— Task to complete —
The reply must repeat the listing below exactly and carry none of its pictures.

Dataset extract START

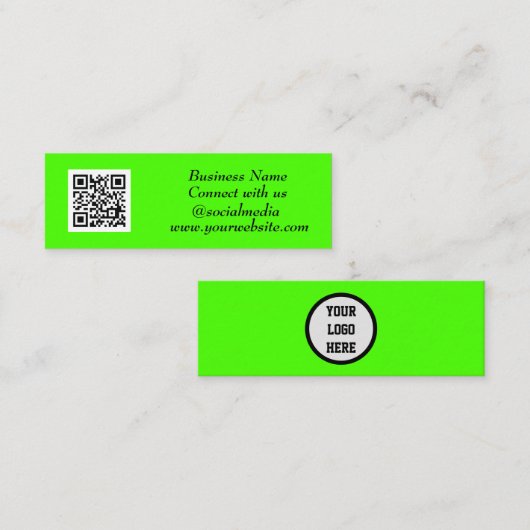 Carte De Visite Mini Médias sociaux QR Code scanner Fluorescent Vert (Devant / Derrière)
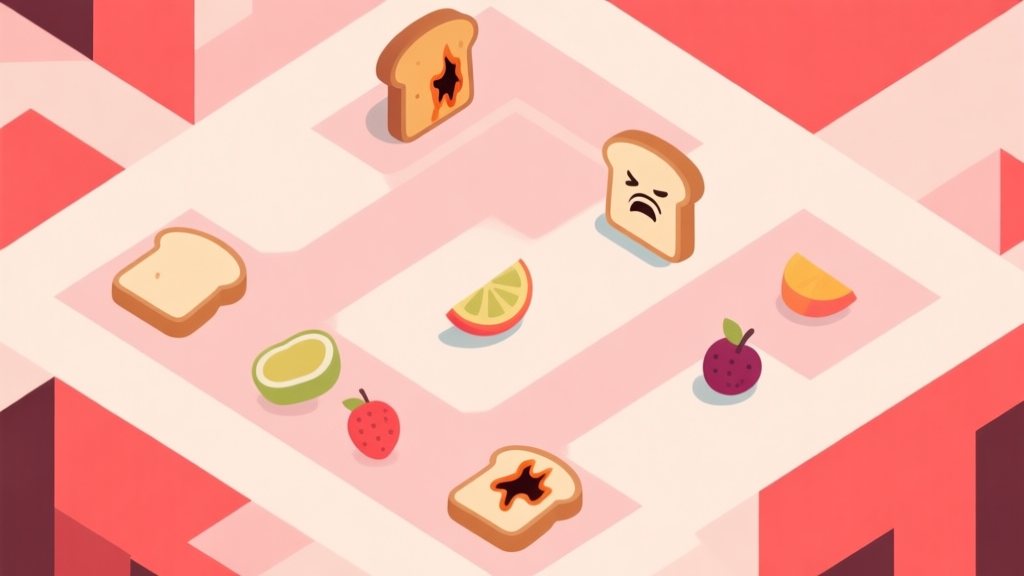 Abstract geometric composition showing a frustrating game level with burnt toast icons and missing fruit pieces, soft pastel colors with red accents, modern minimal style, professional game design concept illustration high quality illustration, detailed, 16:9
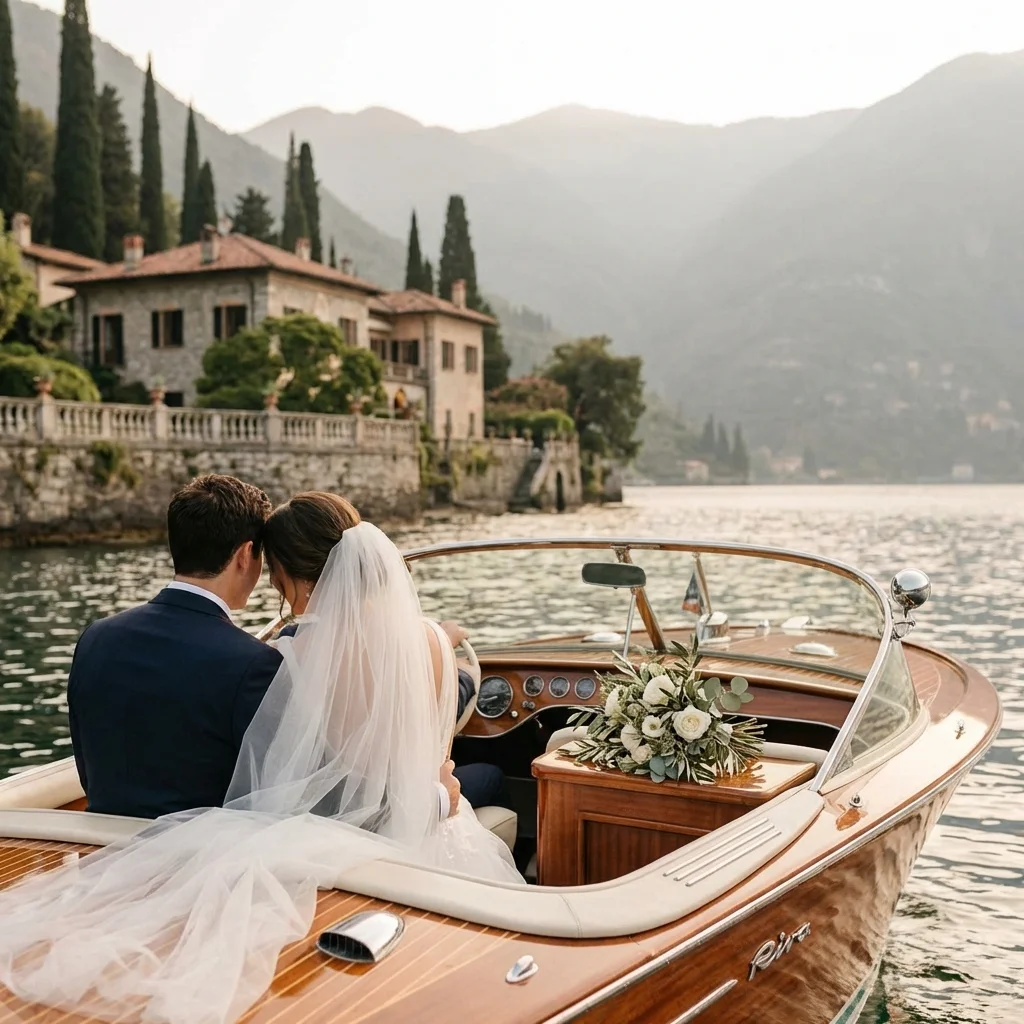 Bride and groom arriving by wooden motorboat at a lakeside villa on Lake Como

Dataset extract END

— Answer box —
 Carte De Visite Mini Médias sociaux QR Code scanner Fluorescent Vert (Devant / Derrière)
 Abstract geometric composition showing a frustrating game level with burnt toast icons and missing fruit pieces, soft pastel colors with red accents, modern minimal style, professional game design concept illustration high quality illustration, detailed, 16:9
 Bride and groom arriving by wooden motorboat at a lakeside villa on Lake Como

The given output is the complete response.